## [Stored data]
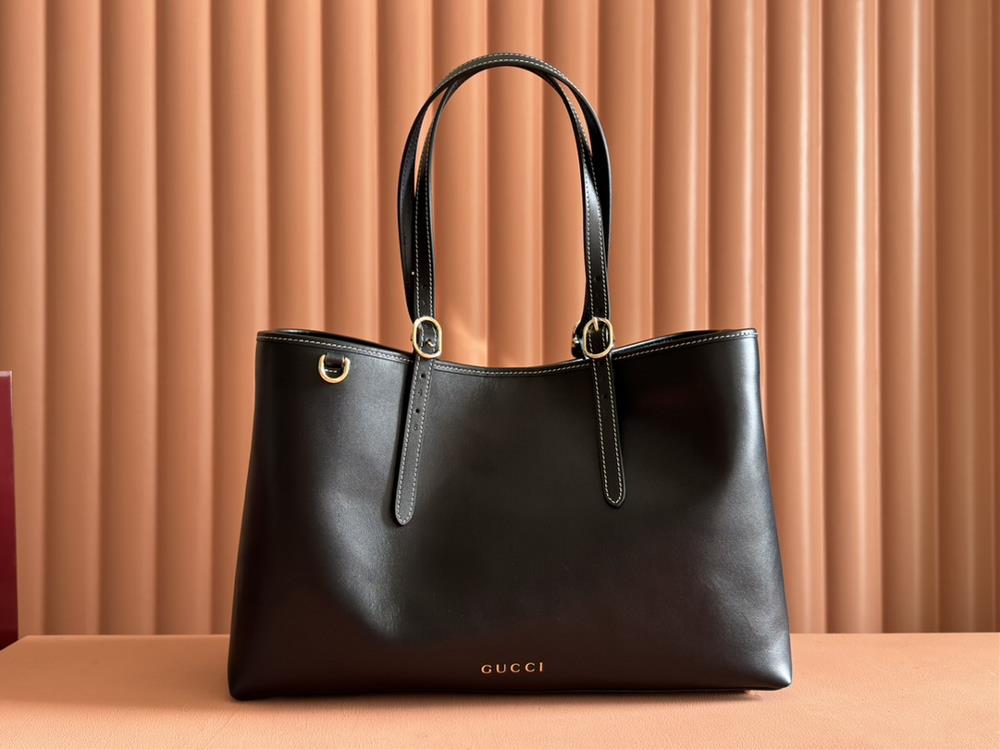 The new GG Emblem series reinterprets the brands timeless elegance and exquisite craftsmanship This mediumsized tote bag is equipped with an adjust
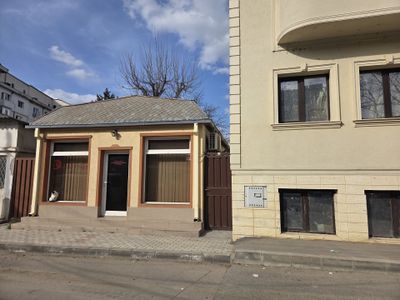 Casă cu 4 camere de vânzare în Ultracentral, Galați – fotografia 3 din 50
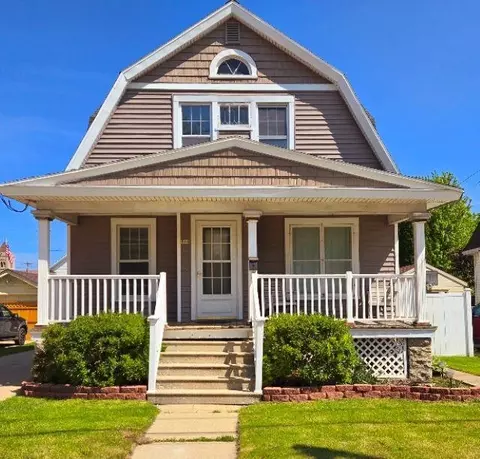 944 W 9th Ave, Oshkosh, WI 54902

## [What you need to do]
The listing is to be repeated exactly, with its pictures removed.

## [Exercise answer]
 The new GG Emblem series reinterprets the brands timeless elegance and exquisite craftsmanship This mediumsized tote bag is equipped with an adjust
 Casă cu 4 camere de vânzare în Ultracentral, Galați – fotografia 3 din 50
 944 W 9th Ave, Oshkosh, WI 54902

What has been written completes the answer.